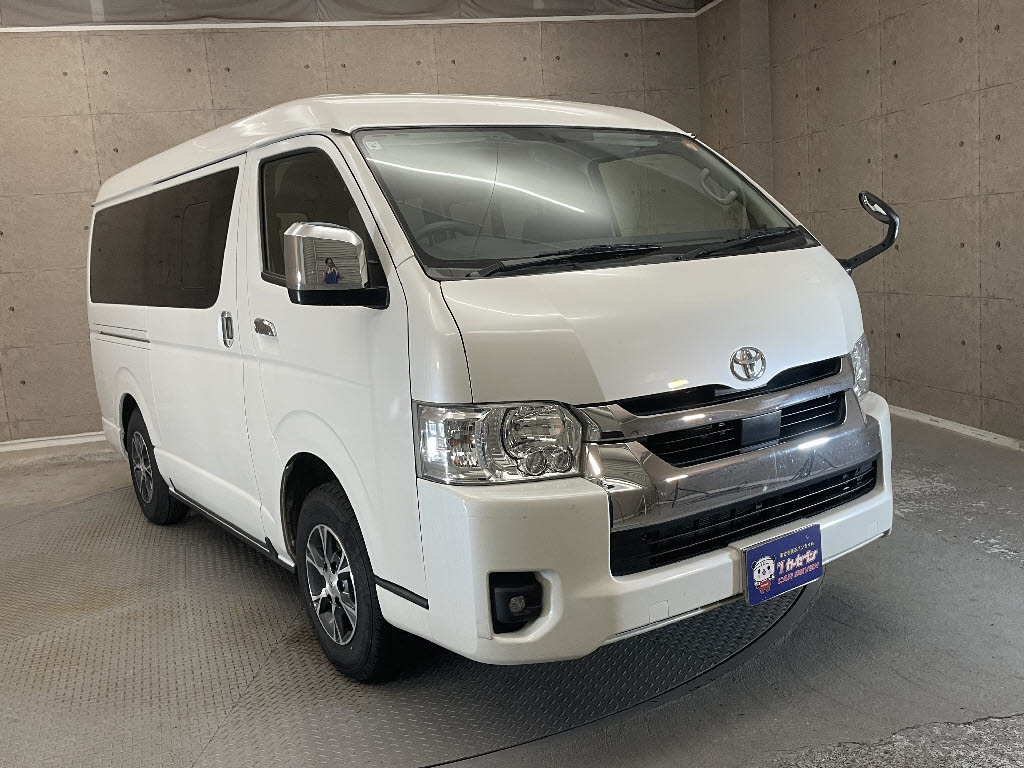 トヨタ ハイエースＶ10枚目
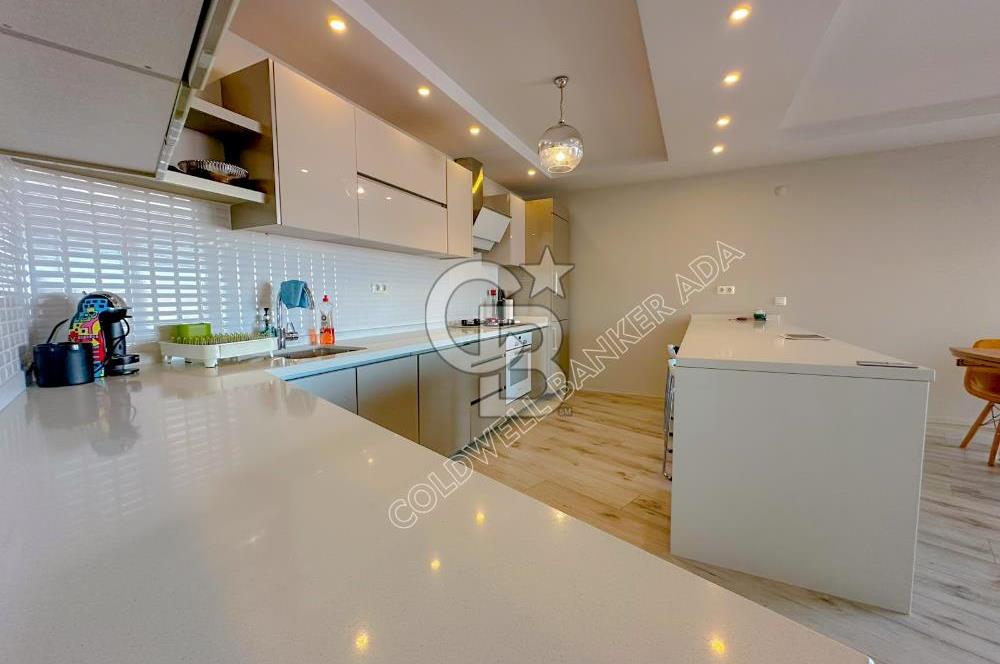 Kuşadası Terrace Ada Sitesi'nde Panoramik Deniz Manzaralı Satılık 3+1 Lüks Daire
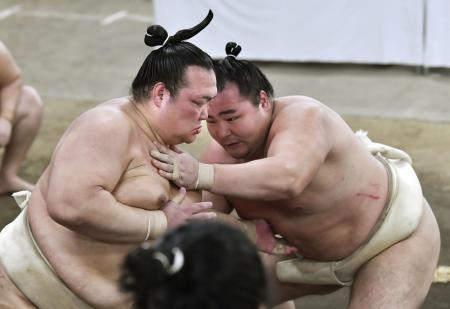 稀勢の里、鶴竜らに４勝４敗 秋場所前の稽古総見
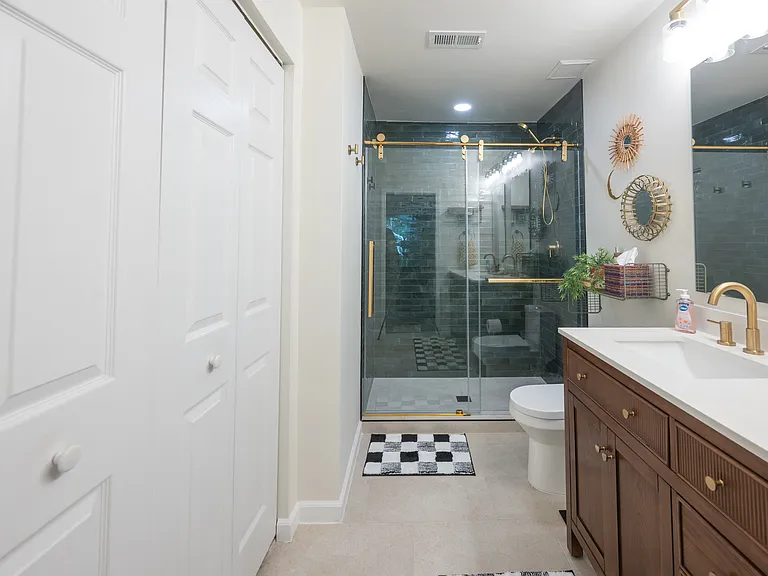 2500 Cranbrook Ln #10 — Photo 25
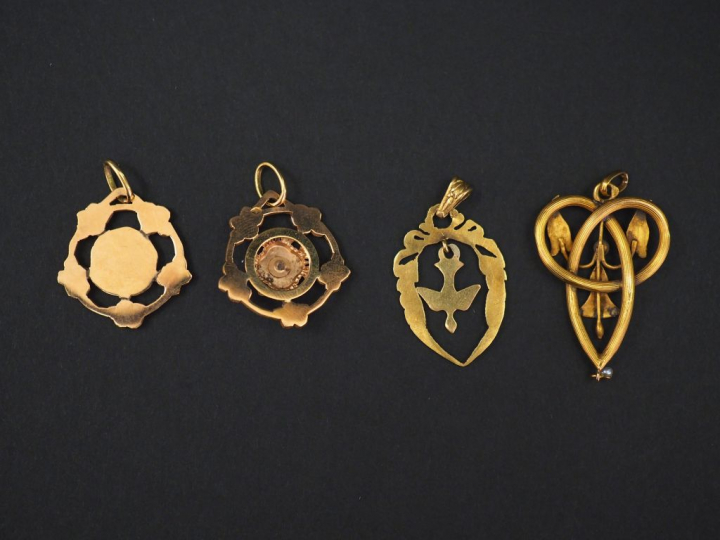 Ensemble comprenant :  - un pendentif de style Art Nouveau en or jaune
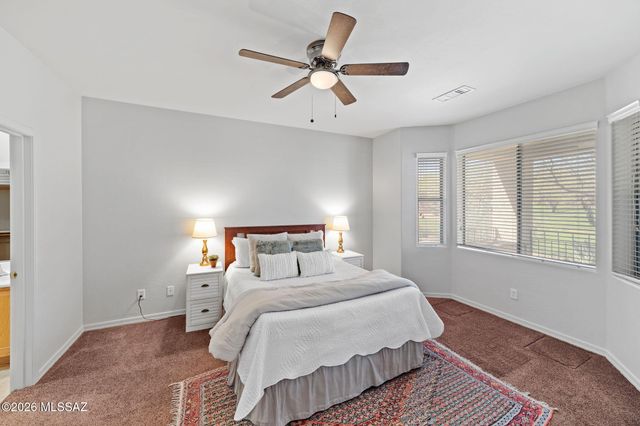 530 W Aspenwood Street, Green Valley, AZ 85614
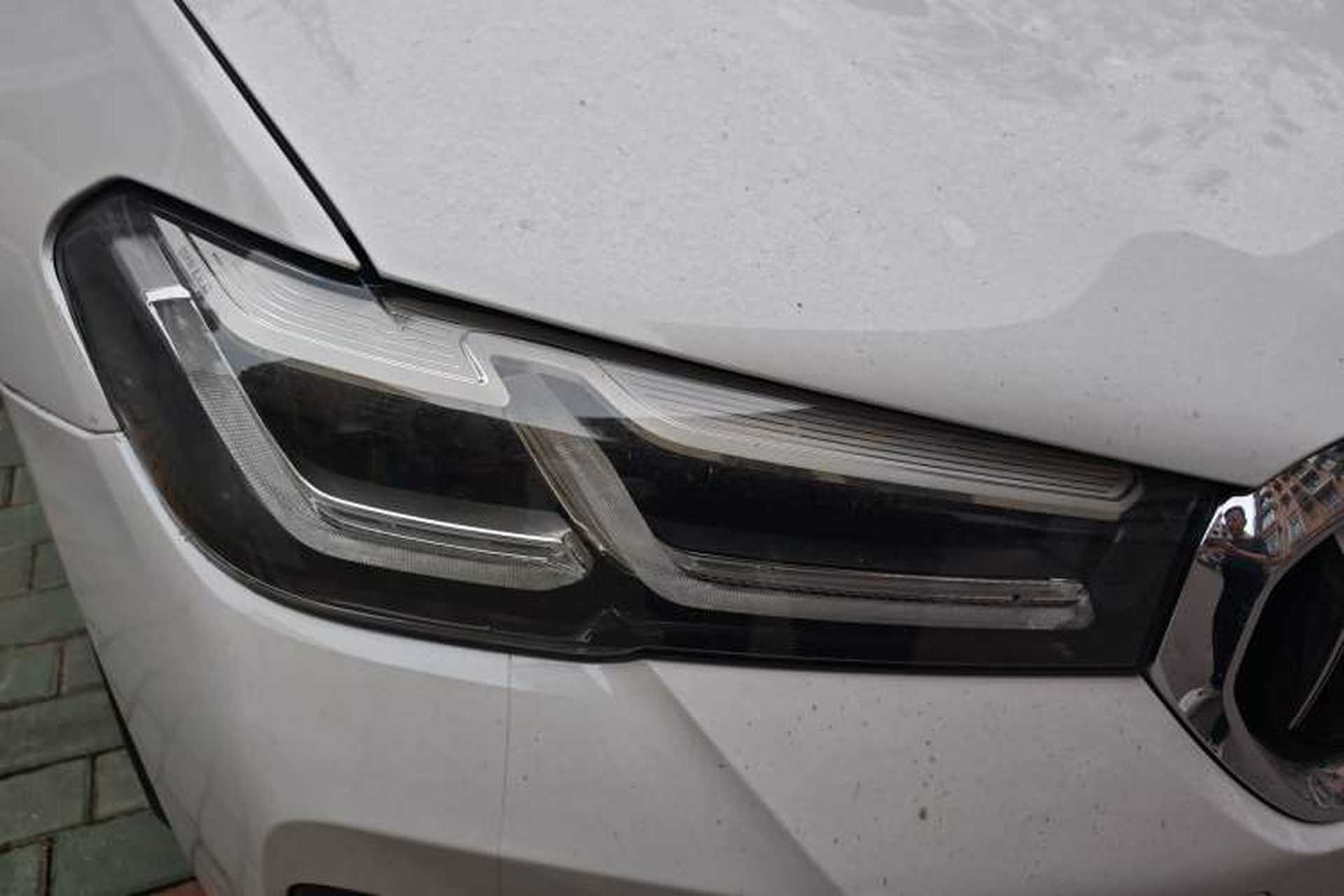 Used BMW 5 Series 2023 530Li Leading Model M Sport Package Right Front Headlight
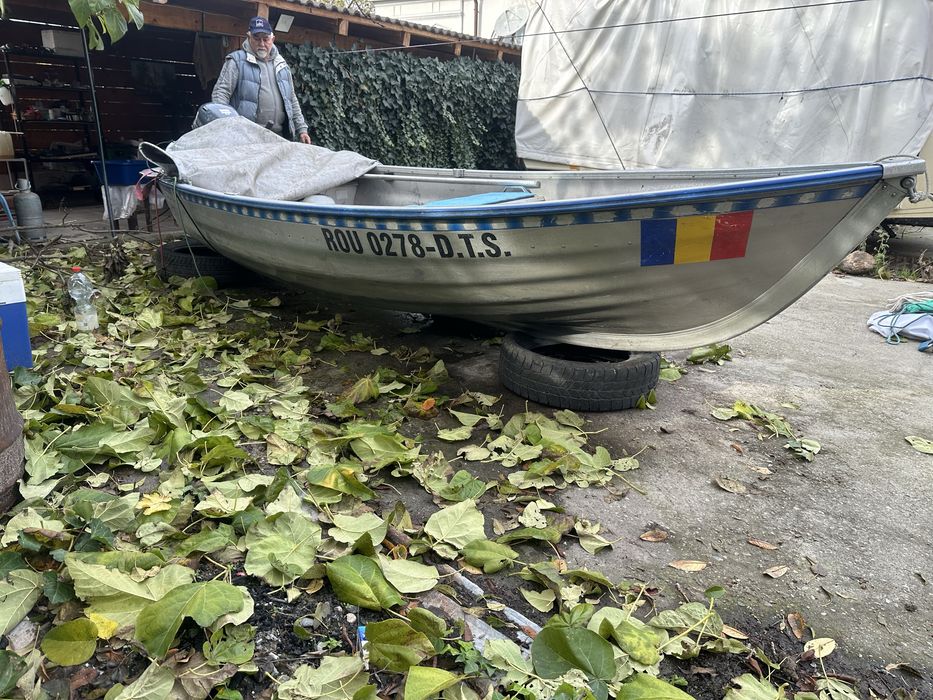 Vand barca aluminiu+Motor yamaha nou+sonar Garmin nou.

.....

Leaving aside every picture, transcribe exactly the lines that run from the one with "Kuşadası Terrace Ada" to the close of the listing above.

 Kuşadası Terrace Ada Sitesi'nde Panoramik Deniz Manzaralı Satılık 3+1 Lüks Daire
 稀勢の里、鶴竜らに４勝４敗 秋場所前の稽古総見
 2500 Cranbrook Ln #10 — Photo 25
 Ensemble comprenant :  - un pendentif de style Art Nouveau en or jaune
 530 W Aspenwood Street, Green Valley, AZ 85614
 Used BMW 5 Series 2023 530Li Leading Model M Sport Package Right Front Headlight
 Vand barca aluminiu+Motor yamaha nou+sonar Garmin nou.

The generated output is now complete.